8.1 Automatic Termination. This Agreement shall automatically terminate upon the occurrence of:

 

8.1.1 the expiration without renewal of the License;

 

8.1.2 an “FCC Final Order” (as defined in the Lease) revoking, terminating or canceling the License;

 

8.1.3 with respect to all or substantially all of the Leased Spectrum, if such Leased Spectrum is lawfully reclaimed or taken by the FCC or any other Governmental Authority; or

 

8.1.4 the termination of the Lease; provided that, if such termination is the result of a Consummation Termination, this Agreement shall continue, and the Consummation Termination shall not affect the Parties’ rights and obligations under this Agreement.

 

8.2 Termination of the Collaboration Agreement Either Party shall be entitled, at its sole discretion, to terminate this Agreement upon the termination or expiration of the Collaboration Agreement following thirty (30) Business Days written notice thereof to the other Party.

 

8.3 Termination for Non-Payment. One Dot Six shall be entitled, at its sole discretion, to terminate this Agreement, if AST fails to make a Usage Payment, a Spectrum Option Payment or the True-Up Payment, and such failure continues for fifteen (15) Business Days after One Dot Six provides written notice thereof to AST.

 

8.4 Termination for Material Breach.

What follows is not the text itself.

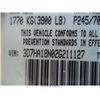 Image 9 : 2002 - DODGE RAM1500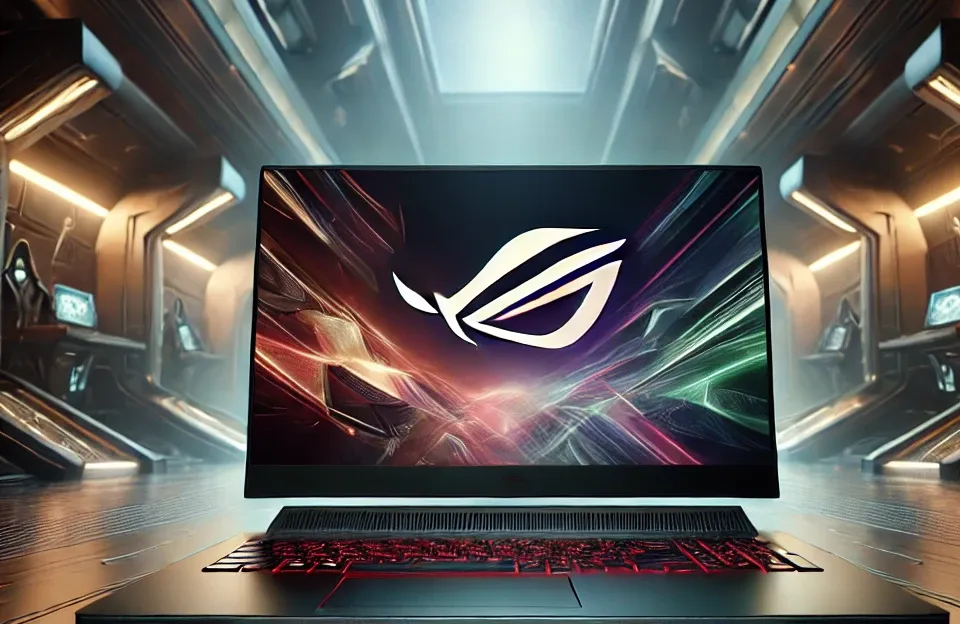 Review do Notebook Gamer ROG Strix G16: Desempenho Imbatível com Core i9 e RTX4060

Either Party, provided that it is not currently in default of a material provision of this Agreement, may terminate this Agreement in the event of a material breach of this Agreement by the other Party, upon written notice of such material breach to the other Party if the other Party has not cured such material breach within thirty (30) Business Days after receipt of such written notice; provided, that if such material breach (i) is not related to a payment obligation of either of the Parties, (ii) cannot reasonably be cured within a thirty (30) day period, (iii) the breaching Party promptly takes diligent actions to cure the breach and (iv) the continuation of such material breach does not result in a default under the Lease, then the cure period for such breach shall be extended to sixty (60) days.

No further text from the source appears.